> PROBLEM: One part of the entries below is wanted: the lines from the one containing "Гостевой дом." through the one containing "small black rabbit". Write those out exactly and nothing else.

[Stored data]
- - - - -

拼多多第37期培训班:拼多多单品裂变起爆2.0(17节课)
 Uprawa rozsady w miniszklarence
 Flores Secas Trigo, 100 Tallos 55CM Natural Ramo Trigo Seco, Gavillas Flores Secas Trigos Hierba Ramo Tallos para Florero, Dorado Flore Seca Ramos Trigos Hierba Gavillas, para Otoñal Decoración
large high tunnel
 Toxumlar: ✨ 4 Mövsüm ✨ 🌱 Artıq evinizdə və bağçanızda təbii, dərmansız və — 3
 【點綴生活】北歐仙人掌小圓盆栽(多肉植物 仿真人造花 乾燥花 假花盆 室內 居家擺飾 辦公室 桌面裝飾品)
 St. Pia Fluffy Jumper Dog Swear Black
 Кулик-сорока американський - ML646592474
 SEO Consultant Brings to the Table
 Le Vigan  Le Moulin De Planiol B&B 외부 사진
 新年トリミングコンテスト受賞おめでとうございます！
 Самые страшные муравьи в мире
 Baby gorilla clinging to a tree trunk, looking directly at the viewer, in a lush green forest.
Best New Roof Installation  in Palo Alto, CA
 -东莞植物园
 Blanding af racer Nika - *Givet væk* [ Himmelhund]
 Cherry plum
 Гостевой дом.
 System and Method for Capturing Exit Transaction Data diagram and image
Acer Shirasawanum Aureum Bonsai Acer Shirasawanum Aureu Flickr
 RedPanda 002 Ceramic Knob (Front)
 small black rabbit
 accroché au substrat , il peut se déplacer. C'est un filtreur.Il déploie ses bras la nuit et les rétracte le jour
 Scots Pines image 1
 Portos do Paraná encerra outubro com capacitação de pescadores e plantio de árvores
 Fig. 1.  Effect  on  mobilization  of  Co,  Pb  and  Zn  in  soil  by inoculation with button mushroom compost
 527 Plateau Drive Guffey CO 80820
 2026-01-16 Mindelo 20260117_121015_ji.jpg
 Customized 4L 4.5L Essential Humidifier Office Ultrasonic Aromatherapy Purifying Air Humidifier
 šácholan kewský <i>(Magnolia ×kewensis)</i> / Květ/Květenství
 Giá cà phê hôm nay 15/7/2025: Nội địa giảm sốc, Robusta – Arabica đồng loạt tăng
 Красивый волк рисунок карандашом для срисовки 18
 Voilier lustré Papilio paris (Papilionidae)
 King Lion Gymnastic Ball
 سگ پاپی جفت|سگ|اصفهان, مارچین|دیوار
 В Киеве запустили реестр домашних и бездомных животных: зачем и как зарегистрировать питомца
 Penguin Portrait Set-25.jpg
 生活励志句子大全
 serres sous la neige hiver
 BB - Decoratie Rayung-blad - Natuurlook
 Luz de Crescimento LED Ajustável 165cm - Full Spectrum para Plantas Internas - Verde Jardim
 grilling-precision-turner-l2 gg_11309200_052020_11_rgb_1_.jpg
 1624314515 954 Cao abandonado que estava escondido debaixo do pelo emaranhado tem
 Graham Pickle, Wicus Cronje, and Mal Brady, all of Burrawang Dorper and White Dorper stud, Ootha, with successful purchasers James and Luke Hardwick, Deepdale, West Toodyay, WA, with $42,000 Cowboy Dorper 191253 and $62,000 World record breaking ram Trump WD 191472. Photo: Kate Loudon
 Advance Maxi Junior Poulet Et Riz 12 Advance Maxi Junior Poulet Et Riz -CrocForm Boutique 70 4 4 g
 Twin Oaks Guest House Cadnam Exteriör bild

- - - - -

> WRITTEN ANSWER:
 Гостевой дом.
 System and Method for Capturing Exit Transaction Data diagram and image
Acer Shirasawanum Aureum Bonsai Acer Shirasawanum Aureu Flickr
 RedPanda 002 Ceramic Knob (Front)
 small black rabbit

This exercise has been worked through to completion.